# Installing Libraries

In [None]:
# Basic Libraries
import numpy as np
import pandas as pd
import seaborn as sns
import matplotlib.pyplot as plt

# ML Model Libraries
from sklearn.model_selection import train_test_split
from sklearn.preprocessing import StandardScaler
from sklearn.metrics import confusion_matrix, classification_report
from sklearn.ensemble import IsolationForest
from sklearn.utils.class_weight import compute_class_weight
import torch.nn.functional as F
from sklearn.tree import DecisionTreeClassifier

# Warnings
import warnings
warnings.filterwarnings('ignore')

# For GAN Implementation 
import torch
import torch.nn as nn
import torch.optim as optim
import numpy as np

# For AWS 
import boto3
import sagemaker
from sagemaker.sklearn.estimator import SKLearn
from sagemaker import get_execution_role

# Intro to Data

In [None]:
import urllib.request

# URL to the dataset
url = "https://www.kaggle.com/api/v1/datasets/download/rupakroy/online-payments-fraud-detection-dataset"
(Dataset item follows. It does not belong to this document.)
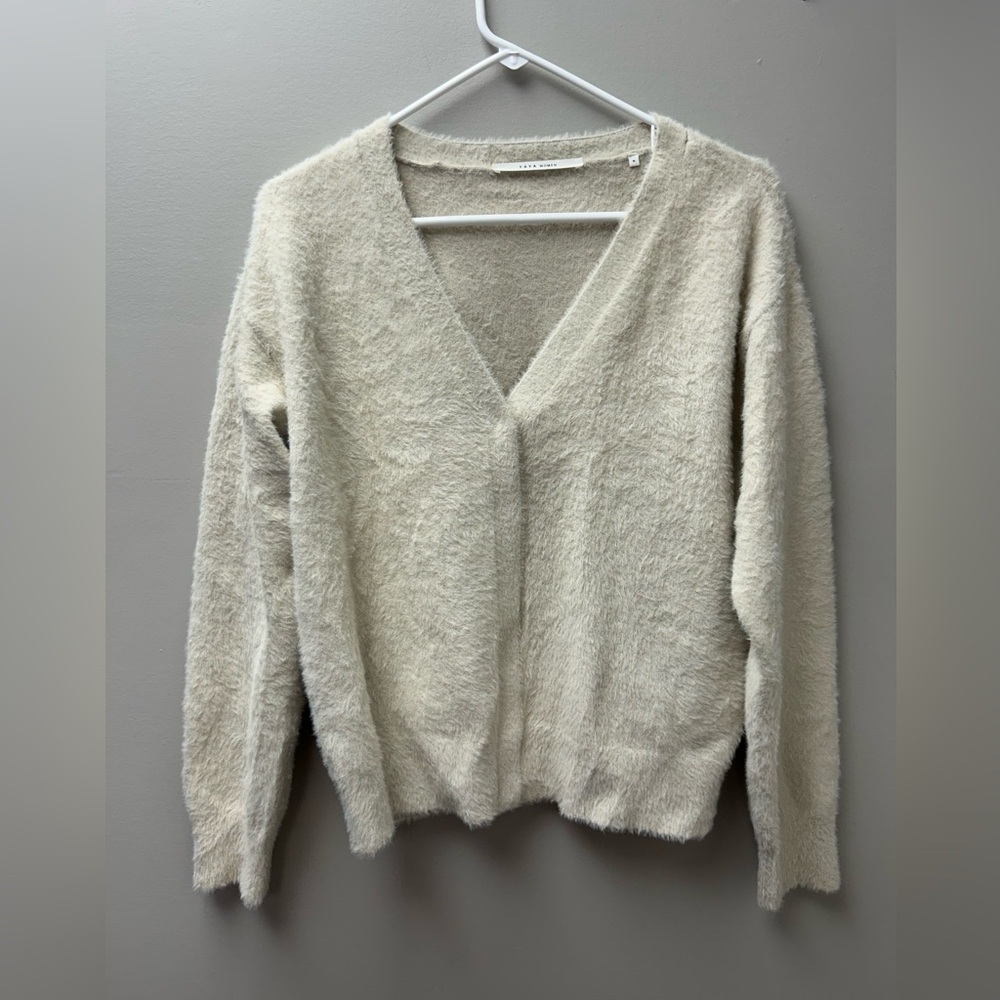 Ya Ya‎ Women Beige Fluffy V Neck Button Up Cardigan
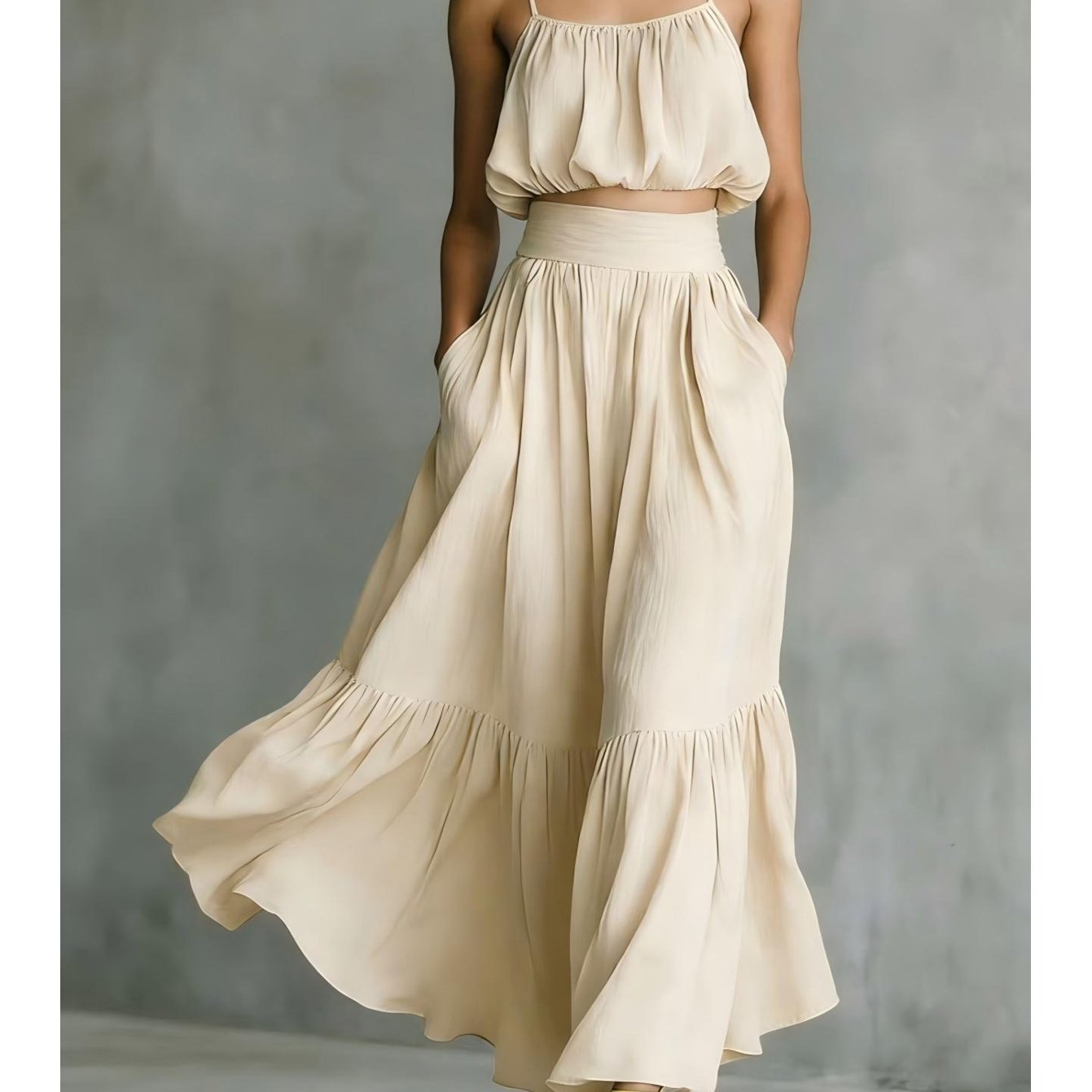 Women's High-waist Flared Skirt Two-piece Set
# Destination path to save the file
destination = 'data_set.zip'

# Download the file
urllib.request.urlretrieve(url, destination)

print(f"File downloaded successfully and saved as {destination}")

In [None]:
!mkdir data
!unzip data_set.zip -d data/

In [None]:
df = pd.read_csv('data/Data_Set.csv')
df.head()

In [None]:
print("Number of rows and columns:", df.shape)


In [None]:
#describing the data
df.describe().T

In [None]:
df.dtypes

# Handling the NULL Values

In [None]:
if df.isnull().values.any():
    print('There are some missing values in this dataset\n')
    df.dropna(inplace=True)
    print('Shape : ', df.shape) 
else:
    print('GREAT, There is no missing values in this dataset')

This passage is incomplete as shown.